Friday, July 6, 2012

Life Is Pain

I've been thinking about pain a lot lately. We experience a lot of it in life. The most pain I have ever experienced was in high school when I blew out my ACL and meniscus. I'm pretty sure that pain trumps pretty much everything. 


Pain is not, of course, simply limited to physical pain. Often, the pain that hurts the most is pain of the soul. When we make mistakes, violate social norms and expectations, or commit what our faith deems to be a sin, we feel pain. That pain stems from various sources -- being ostracized, physical punishment, guilt, remorse, or disappointment.  


The most difficult pain is the pain that comes as others experience pain that you can neither stop nor ease. I can think of at least three experiences like this from my time as a missionary. Those times were devastating experiences. 


These thinkings stem from my emotional preparation for Romania. I feel like that's where most of my posts as of late have stemmed from. My kids have experienced much in their short lives. A lot of that has been pain -- physical, emotional, psychological. They have much to teach me about pain. The pain of my blown out knee pales in comparison to the things these children know. C.S. Lewis wrote, "We have a choice to make when we see extreme suffering. We can let it eat away at us and we can curse God.
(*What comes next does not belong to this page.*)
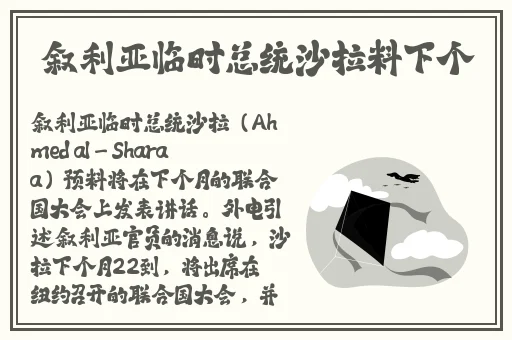 羞漫画首页登录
Or, we can choose to let it break our hearts and enlarge them."


That really is the key to understanding why there is evil, suffering, and sadness in the world. The purpose of pain is to teach, humble, and chastise. It never lasts forever. In a New Testament class I took, we studied the Book of Revelation -- a tricky subject in and of itself. My teacher was quick to point out the importance of numbers. When the Lord says that the afflictions shall be 10 days, what he is saying is that the afflictions, tribulations, and sufferings will be for an imperfect amount of time. In other words, their bounds are set. The things we experience in life -- the bad, ugly, horrible, miserable things -- have an end. 

As William Goldman writes in The Princess Bride, "Life is pain. Anyone who says differently is selling something."